Dari deskripsi sekilas tersebut terdahulu, tampak bahwa proses “pembaratan” di kepulauan kita terutama lewat penjajahan Hindia Belanda, meskipun bekas-bekas pengaruhnya dari peradaban Eropa Iainnya seperti Portugis dan Inggris juga dikenal di beberapa bagian kepulauan kita. “Pembaratan” atau proses “perembesan” kebudayaan Barat seperti dibicarakan oleh para bapak-pendiri negara kita (baik oleh para budayawan maupun oleh para pemimpin politik) yang diucapkan dalam bahasa bayangan masa depan, yaitu Indonesia Merdeka, sesungguhnya telah berjalan atau terjadi sejak Barat menjejakkan kaki-kaki kekuasaan mereka di kepulauan kita.

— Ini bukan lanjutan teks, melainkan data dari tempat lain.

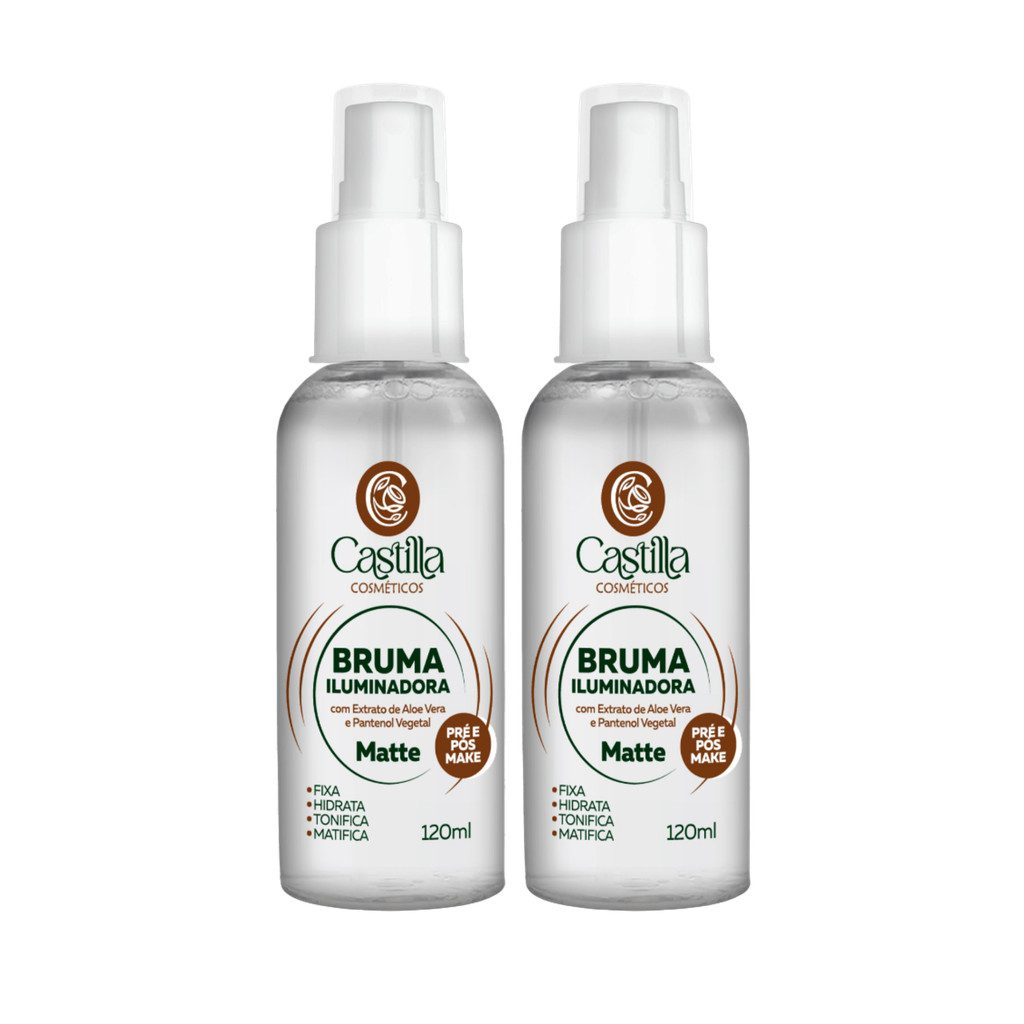 Kit 2 Brumas Matte Castilla 120mL | Fixa, Tonifica e Hidrata com Aloe Vera e Pantenol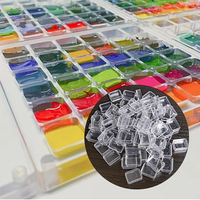 Mini boîtes à aquarelle pliables en plastique écologique de 0,5 ml, transparentes/blanches, demi-palettes vides pour peinture à l'huile et acrylique, idéales pour les voyages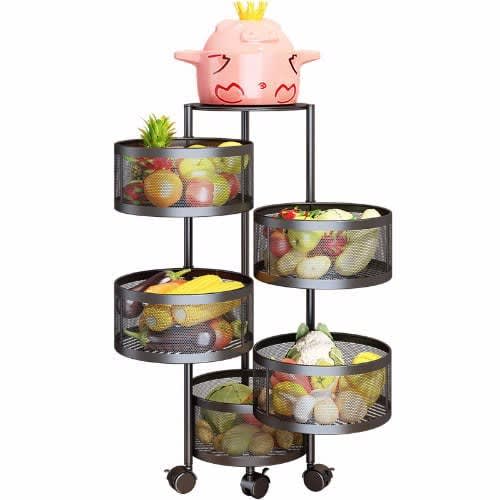 Fruit And Vegetable Rotating Rack Basket - 5 Layers
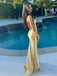 Sexy Champagne Mermaid Halter Cheap Long Prom Dresses,12849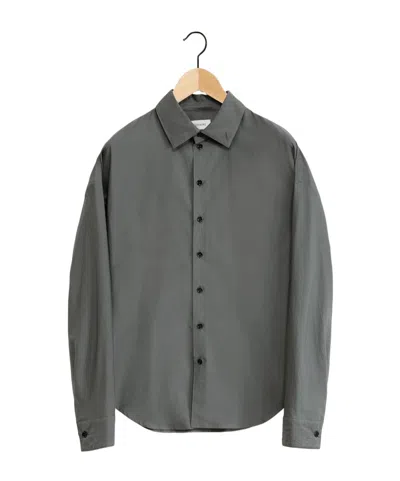 Lemaire Long-sleeved Button-up Shirt In Green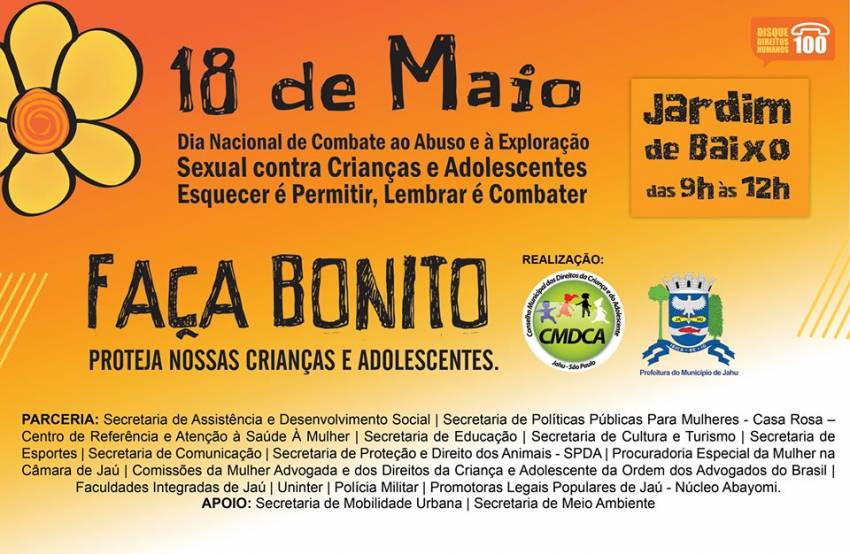 Prefeitura de Jahu promove ações no Dia Nacional de Combate ao Abuso e a Exploração Sexual contra crianças e adolescentes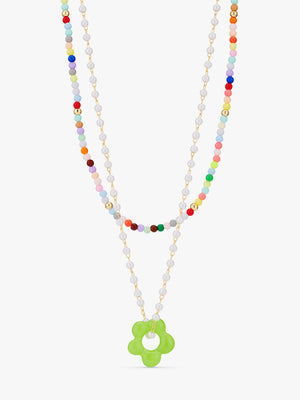 Multicolour Bead and Flower Charm Layered Necklace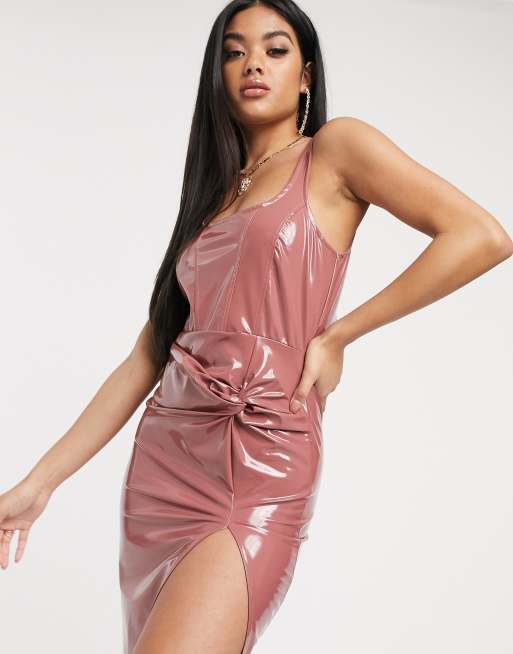 ASOS DESIGN Midikleid aus Vinyl mit Dreherverzierung ASOS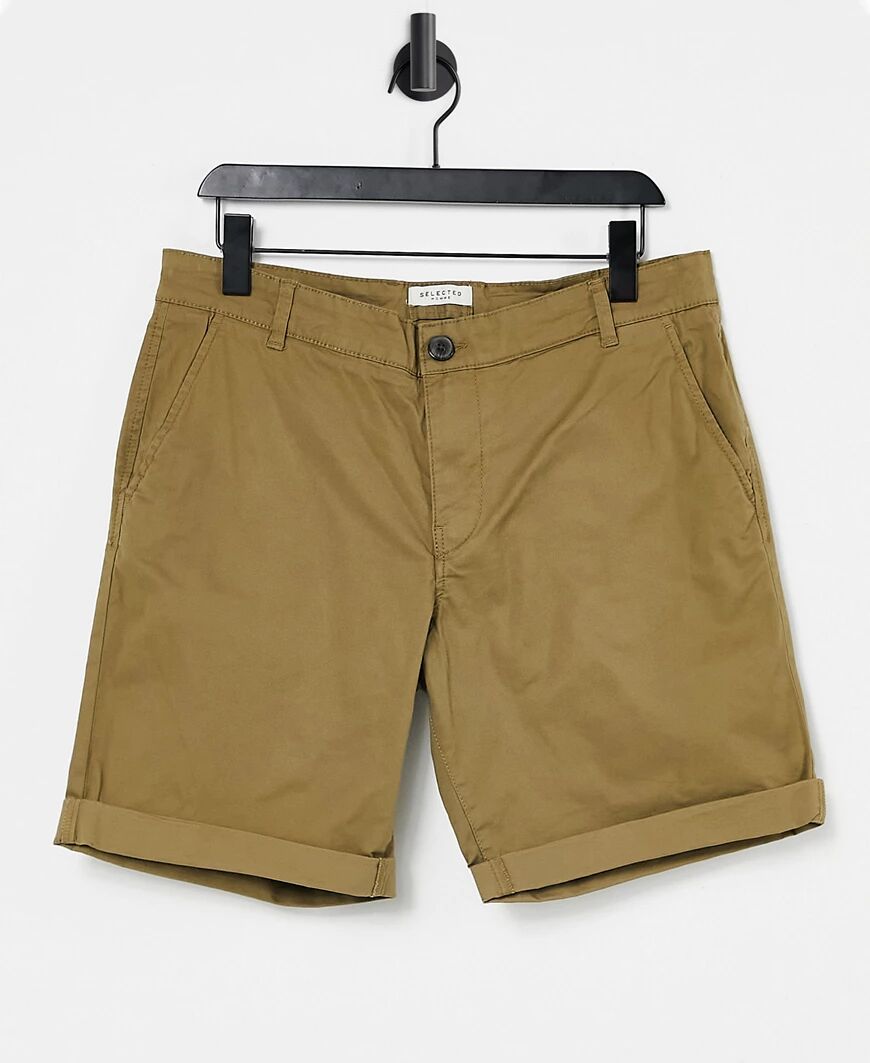 Selected Homme chino short in camel-Brown  Brown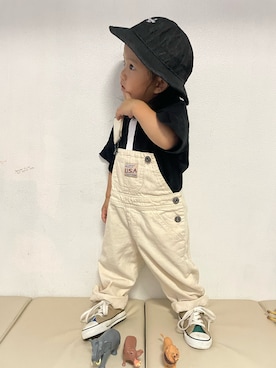 「デニムっていいよね」｜「アイテム（サロペット/オーバーオール）」を使った、KeeeTさん（キッズ・100cm）の夏コーディネート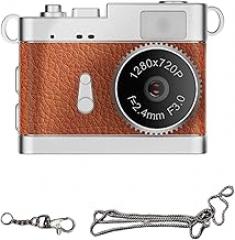 Qiilu Mini Digital Camera, 1080P Portable Retro Camera with Color Filters, LED Fill Light, 150min Continuous Taking, Intelligent Life Assistant for Daily Recording, Travel, and (Brown)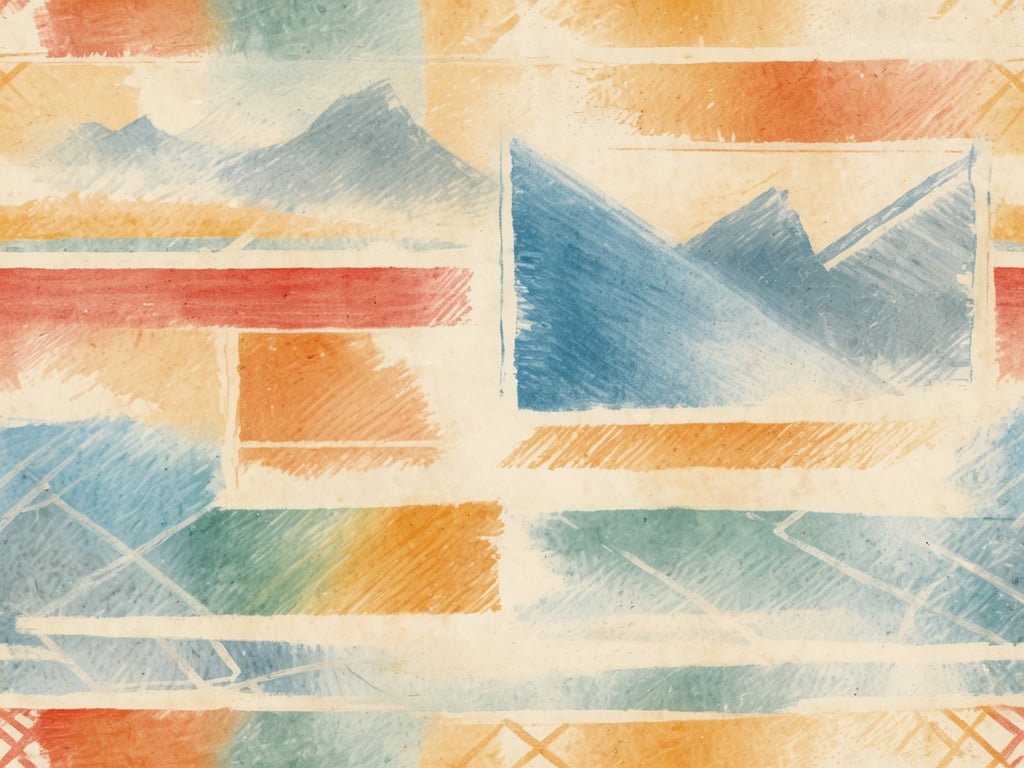 Auf dem Bild sind abstrakte Muster und Farbflächen in sanften Tönen zu sehen, die an Landschaften erinnern. Die Verwendung von Blau, Orange, Rot und verschiedenen Erdtönen vermittelt ein Gefühl von Tiefe und Ruhe. 

Gästebewertungen könnten beispielsweise Folgendes beinhalten: 

- „Die Farben auf dem Bild schaffen eine entspannende Atmosphäre in meinem Raum.“
- „Ich liebe die abstrakte Interpretation von Landschaften – es regt meine Fantasie an.“
- „Dieses Kunstwerk bringt Farbe ohne Überstimulation in mein Zuhause.“

Insgesamt vermittelt das Bild eine harmonische Stimmung, die viele Betrachter anspricht.
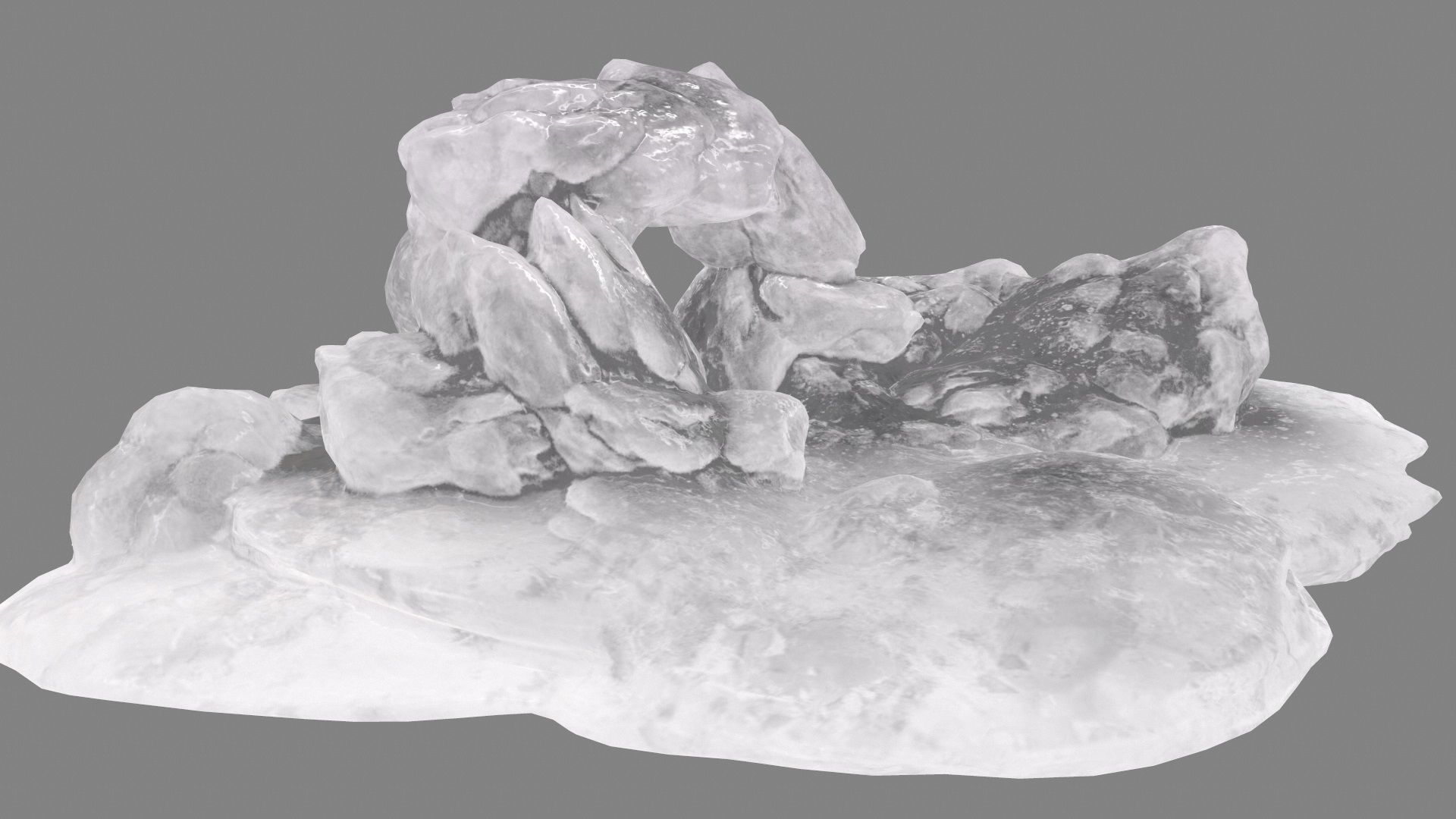 Ice Cave Low-poly 3D model_2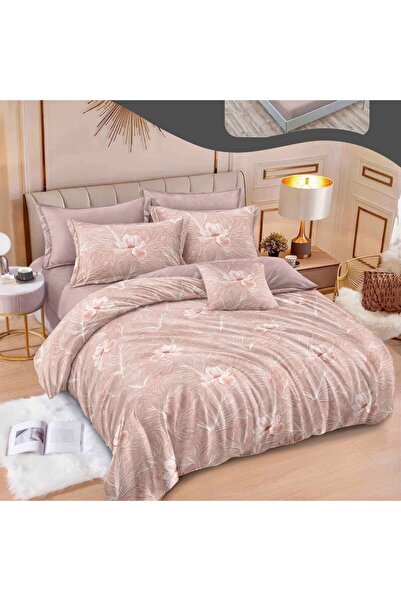 Casa de Vis Set lenjerie pat dublu, bumbac satinat, 180x200 cm, 6 piese, cu e...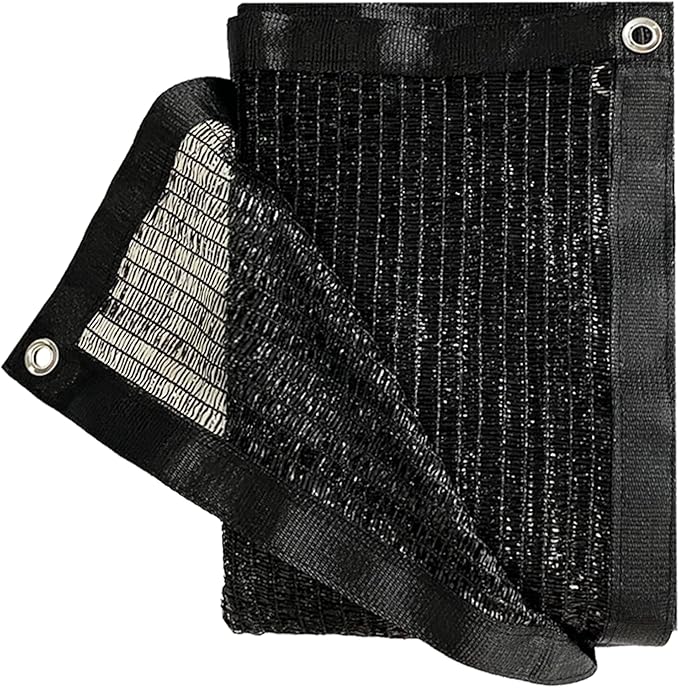 Garden expert 50% Black Shade Cloth 8x12FT Taped Edge with Grommets Sun Net Mesh for Garden Patio Backyard UV-Resistant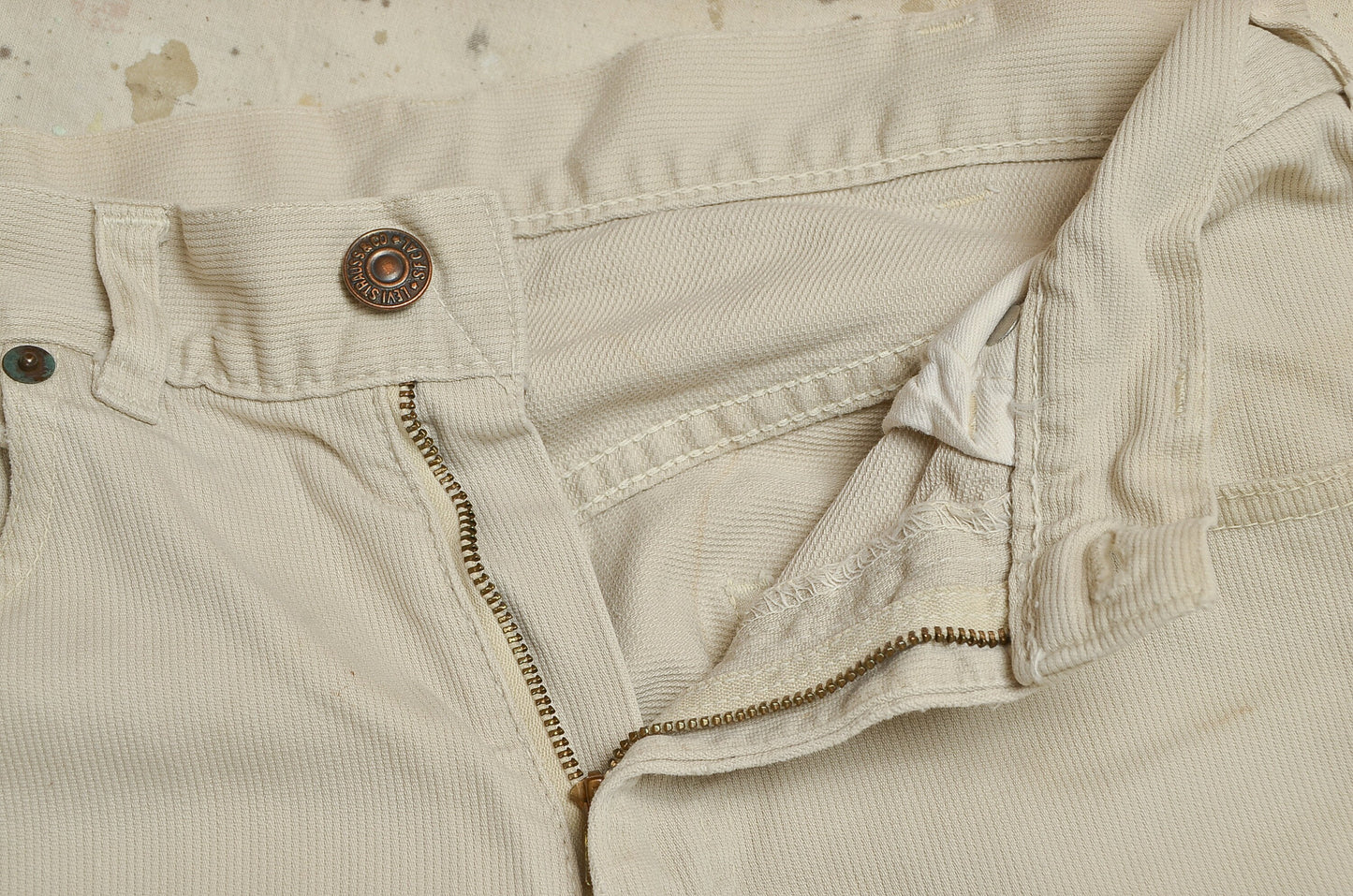 1960s Levis Big E 911B Beige Pique Corduroy Cotton Tapered Mod Jeans 28 x 27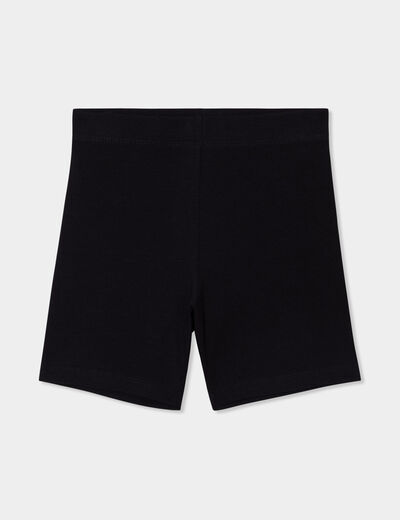 Legging short coton taille élastiquée noir fille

Proses pengaruh Barat itu terutama semakin nyata pada waktu pemerintah Hindia Belanda mengambil alih kekuasaan V.O.C. di negeri kita. Proses tersebut semakin mendalam pada waktu Politik Etis dilaksanakan di mana pemerintah Hindia Belanda yang didorong oleh “rasa hutang budi” kepada Hindia melancarkan politik atau kebijaksanaan lebih memperhatikan kesejahteraan kaum pribumi dengan pengadaan sekolah-sekolah menengah, mulai tingkat sekolah desa hingga sekolah-sekolah menengah umum dan kejuruan hingga tingkat pra-universiter. Juga infrastruktur pertanian dengan irigasi serta infrastruktur pemerintahan dalam negeri dikembangkan secara lebih intensif lagi. Berbagai kebijaksanaan dari pemerintah kolonial itu memberikan dampak yang mendalam terhadap berbagai persepsi bangsa kita tentang pendidikan dan pengairan, pertanian dan organisasi bernegara. Berbagai persepsi tersebut mendorong lahirnya berbagai persepsi baru pula tentang sistem-sistem dalam masyarakat. Persepsi baru tentang sistem-sistem tersebut berfungsi sebagai berbagai tesa dan antitesa unsur-unsur budaya yang pada gilirannya melahirkan berbagai sintesa konsep budaya baru.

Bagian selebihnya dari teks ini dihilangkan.